My first interaction with other students at university was in my induction session, a week or so before my first classes started. Someone next to me in the lecture theatre initiated conversation:
“What school did you go to?”
I blinked. I was confused; I had left school five years before. It wasn’t a part of my life I thought about much anymore.
I look young, so I’m usually perceived as being the same age as most other people in my classes, but I started university at 22 and was considered a ‘mature student’. I had already lived on my own for two years, worked for several years, and I had gotten married three months before classes started.
Another student asked me what halls I was staying in, and I watched them mentally backtrack when I replied and said that I didn’t – I lived in a flat with my husband. It seemed so strange to me that where I went to school or who I lived with would be interesting to other people. These things were so detached from how I viewed myself that it was jarring for me to realise that others formed their perception of me based on them, and that these were potentially key parts of their own identities.
Moving away from home for the first time can prompt a kind of identity crisis. For the first time, you’re free to make your own decisions about the kind of life you want to live, (hopefully) without judgement or unwanted input from family. Maybe you suddenly find yourself with more control over things like who you interact with, what you eat or wear, how you spend your money, how you decorate your home, and what you do at the weekend. It’s a chance for you to reinvent yourself and change how you’re viewed by the people around you.

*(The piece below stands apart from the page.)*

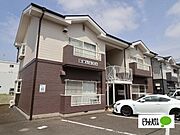 阪東ヒルズA 1階 築33年の賃貸物件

However, outwith the student community you’re often only seen as a student. Assumptions are made about how you live your life; non-students often assume your free time is devoted to light-hearted socialising and enjoying a lack of responsibilities – flat parties, going out with new friends, study dates, pulling all-nighters before deadlines. Other people’s perceptions of you are built around your student status and it’s central to your new identity.

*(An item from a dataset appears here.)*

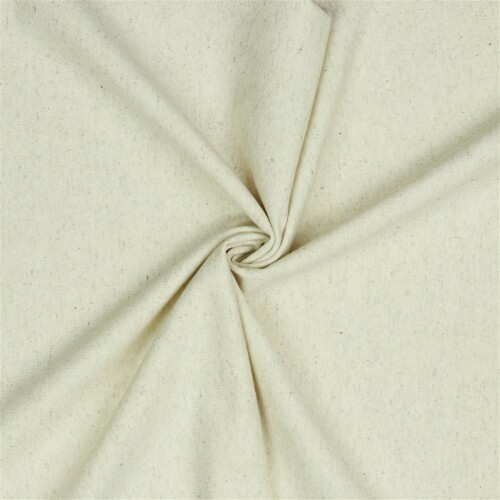 LINEN French Terry - natur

When you have a baby, a similar thing happens. It’s a time of massive change: your body, your hormones, your daily routine, and your family dynamics are all changing and adapting. It’s a good opportunity to decide who is important in your life and cultivate the kind of home environment that you want to raise your child in. Again, it is an opportunity to reinvent yourself, and how other people view you will change even if your own internal identity feels unchanged.
When I took my baby to get his immunisations, a member of staff greeted me at the door:
“Hello, mum!”
With two (well-meaning) words, I was stripped of any individuality and I became very aware that, at least to this person, my defining feature is that I have a baby.

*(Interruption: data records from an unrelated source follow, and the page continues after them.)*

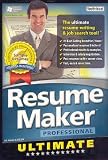 Resumemaker Professional Ultimate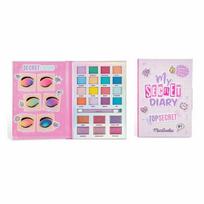 Vaikiškos dekoratyvinės kosmetikos rinkinys Martinelia Super Girl My Secret Diary, 1 vnt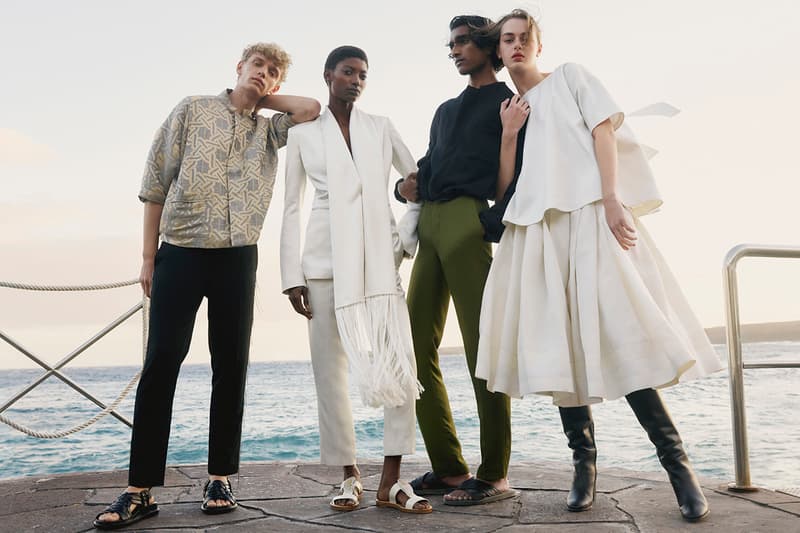 matchesfashion.com matchesfashion spring summer 2020 ss20 editorial balenciaga gucci craig green jw anderson raf simons maison margiela ahluwalia studio ludovic de saint sernin marni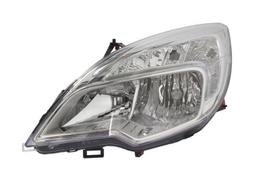 Priekinis žibintas VISTEON/VARROC 20-201-01108 OPEL MERIVA B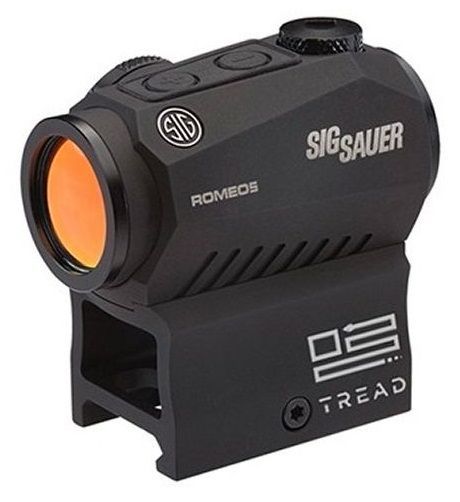 ROMEO5 1X20 MM TREAD (2 MOA RED DOT)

Now, people assume that ‘parent’ is key to my identity.
Becoming a parent, like being a student, is such a full-time commitment and has a whole culture surrounding it. ‘Student life’ is very different from ‘mum life’. I’m the only one of my friends to have a baby and I’m the only student in any baby groups I attend. I manage to participate in some aspects of ‘mum life’: unwashed hair and mum buns, clothes covered in milk and spit-up, and being able to empathise with the unique tiredness that is a product of consistent sleep deprivation and constantly having to be present while caring for a baby. I appreciate the understanding and solidarity that other parents extend to me when I express my frustration and exhaustion. And I celebrate with other parents when they get through a difficult phase with their baby or when I see them get some much-needed sleep or support. But I’m not on maternity leave. I don’t have a lot of ‘mum friends’, and I’m also a lot younger than most of the parents I meet. I’m so busy with uni work that I miss out on most opportunities to meet other parents.
In the same way, I subscribe to some of ‘student life’, but not all of it. It’s difficult to find other people in the same situation and people who don’t just think I’m “brave” for taking on so much at once. It’s difficult reconciling the two parts of my life in my head – they both take up a huge amount of my time, and I’m constantly juggling changing nappies, attending lectures, playing peek-a-boo, writing essays and reading bedtime stories.
Depending on where they meet me, people often put me in a box of either ‘student’ or ‘parent’. I’m sure this happens to other people, and I’m sure I do it to other people too. Accepting that my identity is broader than just what I spend most of my time doing or what others perceive is a work in progress. It’s okay to not want my identity to revolve around my baby, or my degree. Identity is fluid and complicated and it means different things to different people. Most importantly, my identity belongs to me and it isn’t dependent on how other people see me.